**TASK BRIEF:** In the entries below, find the line with "1600 W Pinebrook Blvd #G1 — Photo 6" and the line with "日本队险胜泰国队,黄鸭组合统治全场 日本队险胜泰国队,黄鸭组合统治全场"; copy them and every line between them exactly, but not the pictures.

**DATA PROVIDED:**
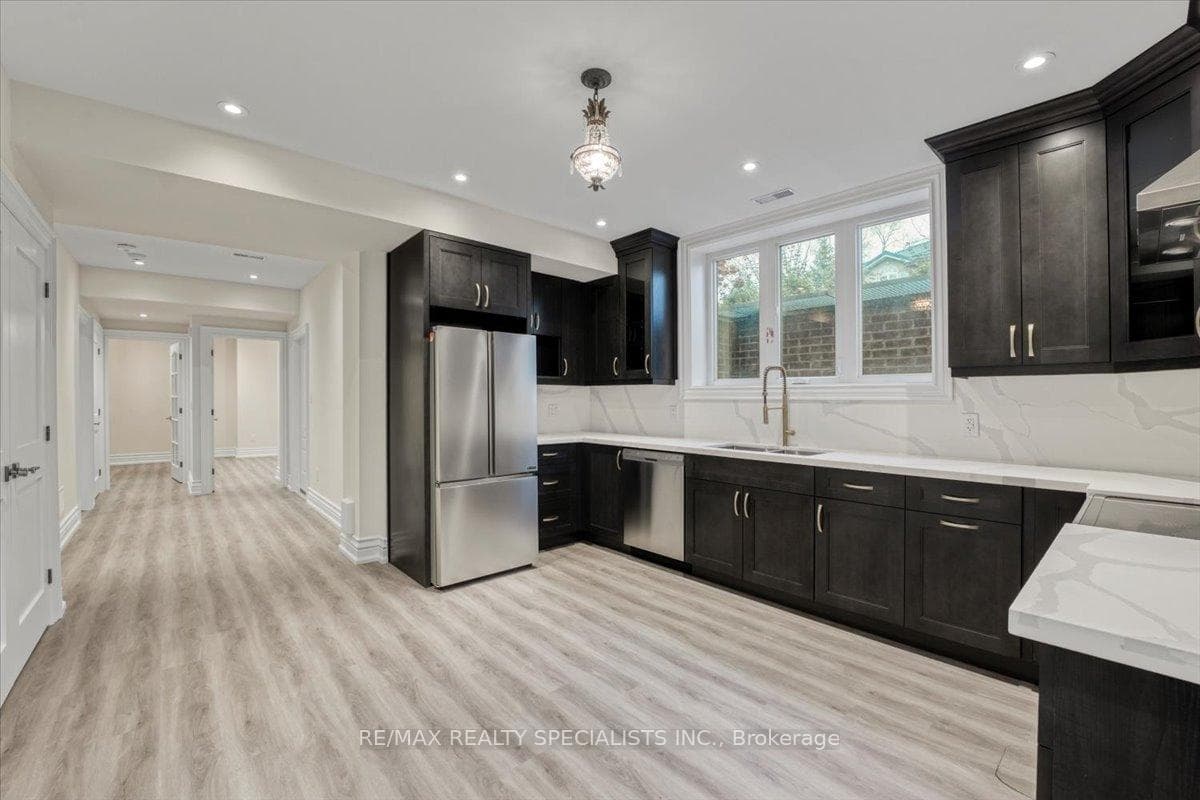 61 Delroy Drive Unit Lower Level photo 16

---

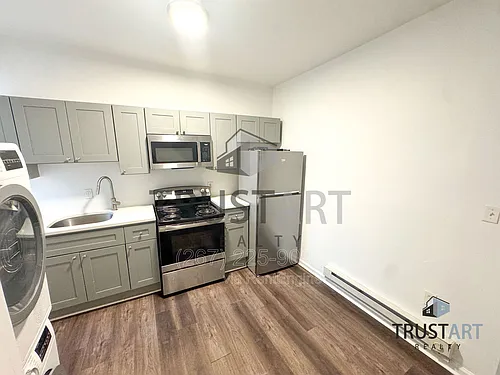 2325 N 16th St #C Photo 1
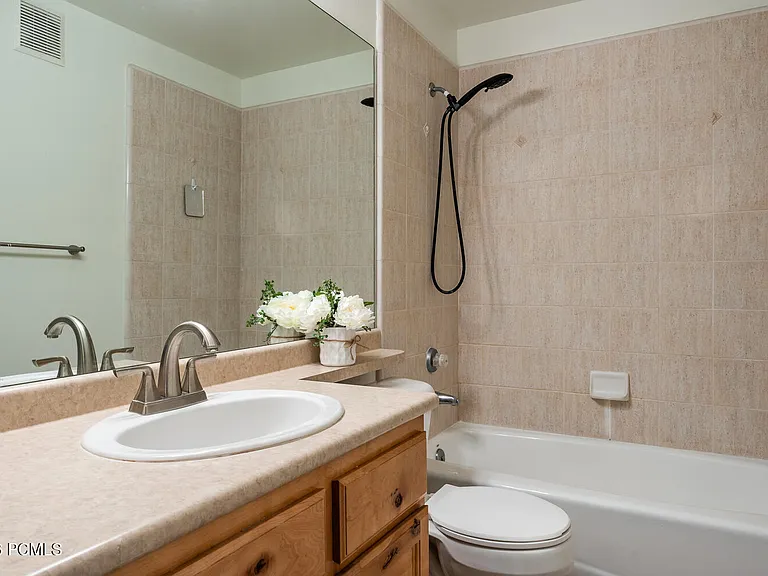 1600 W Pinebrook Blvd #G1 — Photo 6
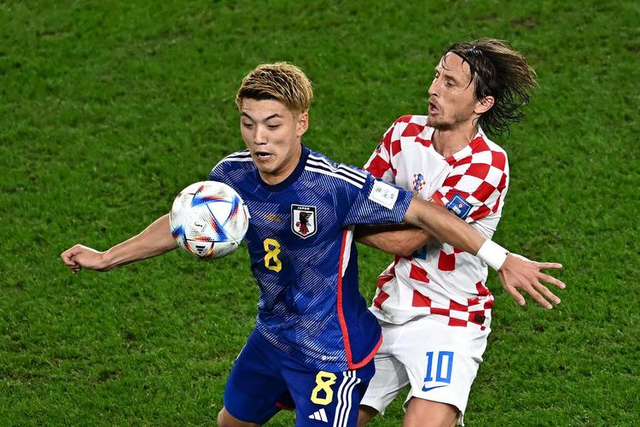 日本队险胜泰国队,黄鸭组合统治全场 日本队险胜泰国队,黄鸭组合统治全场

**PROBLEM SOLUTION:**
 1600 W Pinebrook Blvd #G1 — Photo 6
 日本队险胜泰国队,黄鸭组合统治全场 日本队险胜泰国队,黄鸭组合统治全场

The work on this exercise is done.